Your task =>
Return the lines of the material below exactly, beginning with the line that has "Mademoiselle Beauty #beograd" in it and finishing with the line that has "I'm only looking for the plot twists" in it. Leave all pictures aside.

Given data =>
<<<<
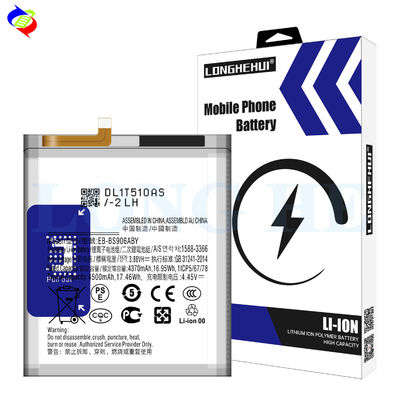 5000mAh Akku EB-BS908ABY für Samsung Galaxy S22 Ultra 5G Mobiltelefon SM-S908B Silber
>>>>
<<<<
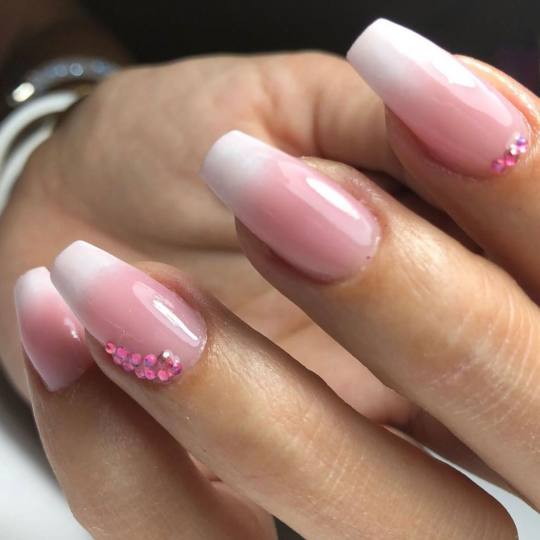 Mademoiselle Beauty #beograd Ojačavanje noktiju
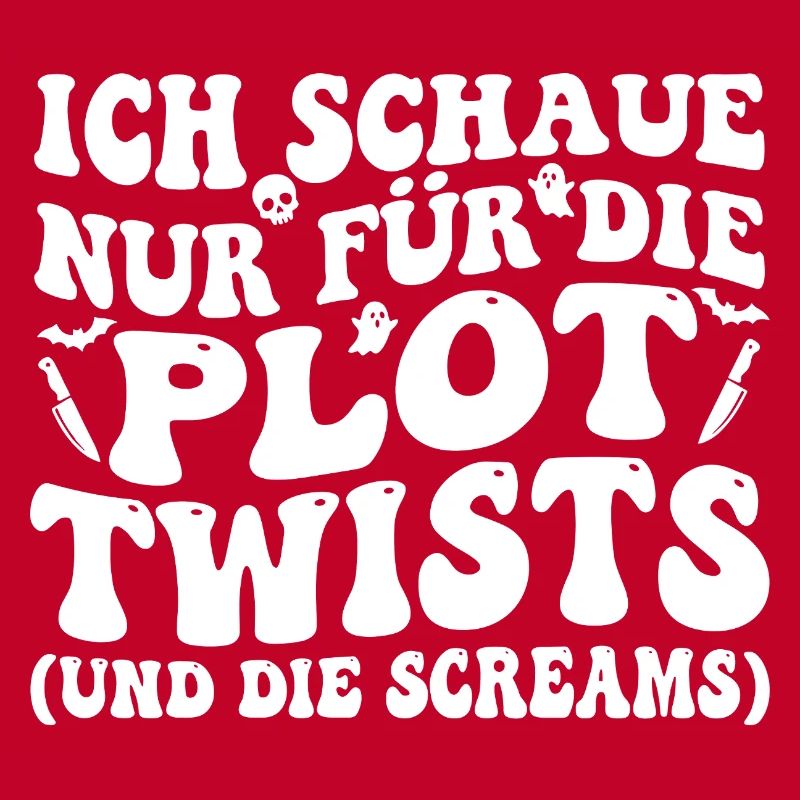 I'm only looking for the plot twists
>>>>
<<<<
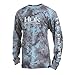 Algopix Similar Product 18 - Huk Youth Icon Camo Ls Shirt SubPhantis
>>>>
Result for this task =>
 Mademoiselle Beauty #beograd Ojačavanje noktiju
 I'm only looking for the plot twists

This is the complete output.